What you should do :: Would you please transcribe, exactly as written, the lines of the entries below starting at the one that holds "Guru Rinpoche Statue" and ending at the one that holds "Hannah Arendt, la", both included?

Information ::
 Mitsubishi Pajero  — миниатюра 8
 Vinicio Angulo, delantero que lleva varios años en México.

---

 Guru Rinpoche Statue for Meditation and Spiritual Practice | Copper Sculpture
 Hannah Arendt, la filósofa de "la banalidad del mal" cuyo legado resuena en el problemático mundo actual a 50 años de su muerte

Answer space ::
 Guru Rinpoche Statue for Meditation and Spiritual Practice | Copper Sculpture
 Hannah Arendt, la filósofa de "la banalidad del mal" cuyo legado resuena en el problemático mundo actual a 50 años de su muerte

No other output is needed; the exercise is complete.